ASSIGNED TASK:
Set down every line of the data exactly, skipping the pictures.

[Caption-style text data]
··········

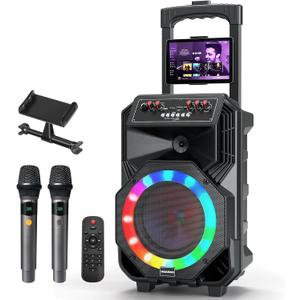 Karaoke Machine with 2 Wireless Microphones, Rolling Wheels, and Trolley 8800mAh Portable Bluetooth Speaker, PA System with Lights, Adjustable Bass/Treble/Echo for Parties, Indoor and Outdoor Use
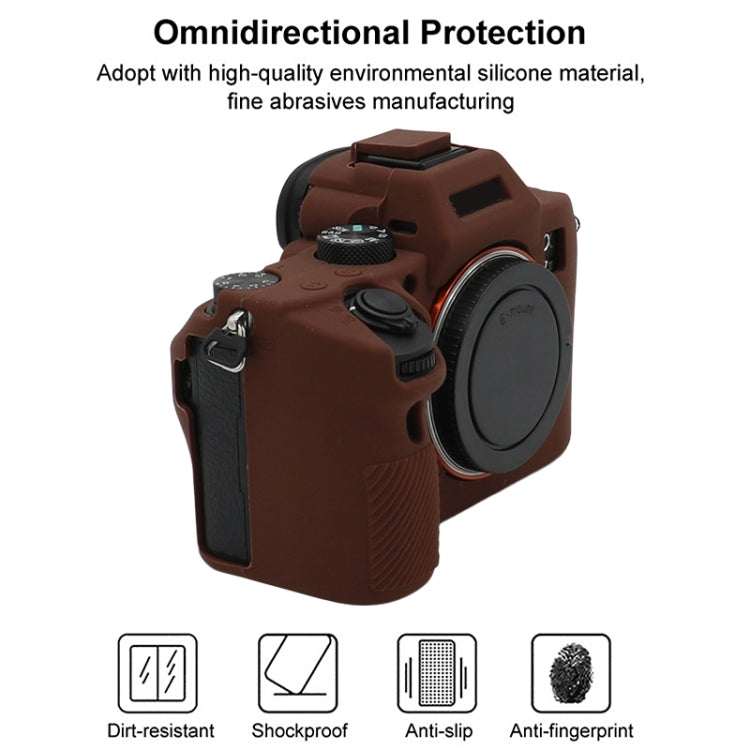 For Sony A7 III / ILCE-7M3 / A7R III Soft Silicone Protective Case(Coffee) - Protective Case by PMC TechLife | Online Shopping South Africa | PMC TechLife | Buy Now Pay Later Mobicred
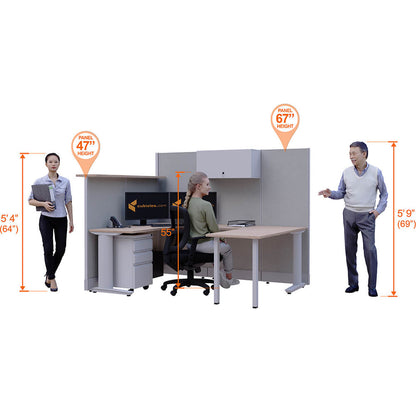 Cubicle Desks With Transaction Top And Storage U-Shaped Powered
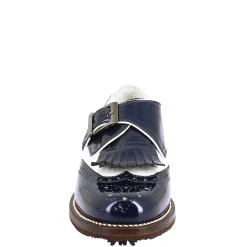 Scarpe Con Fibbia Da Golf Uomo In Pelle Bianca E Vernice Blu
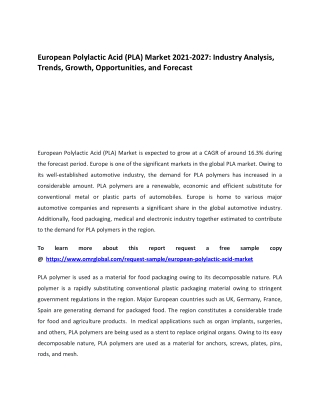 European Polylactic Acid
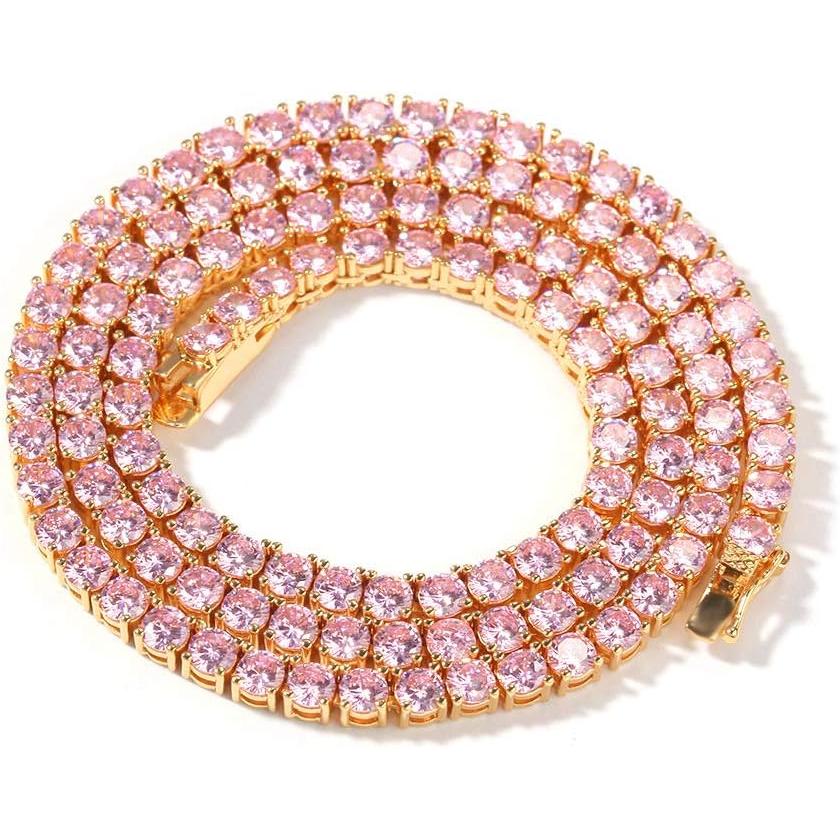 KMASAL ヒップホップ 18Kゴールドメッキ 人工ダイヤモンドネックレス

··········

RESPONSE AREA:
 Karaoke Machine with 2 Wireless Microphones, Rolling Wheels, and Trolley 8800mAh Portable Bluetooth Speaker, PA System with Lights, Adjustable Bass/Treble/Echo for Parties, Indoor and Outdoor Use
 For Sony A7 III / ILCE-7M3 / A7R III Soft Silicone Protective Case(Coffee) - Protective Case by PMC TechLife | Online Shopping South Africa | PMC TechLife | Buy Now Pay Later Mobicred
 Cubicle Desks With Transaction Top And Storage U-Shaped Powered
 Scarpe Con Fibbia Da Golf Uomo In Pelle Bianca E Vernice Blu
 European Polylactic Acid
 KMASAL ヒップホップ 18Kゴールドメッキ 人工ダイヤモンドネックレス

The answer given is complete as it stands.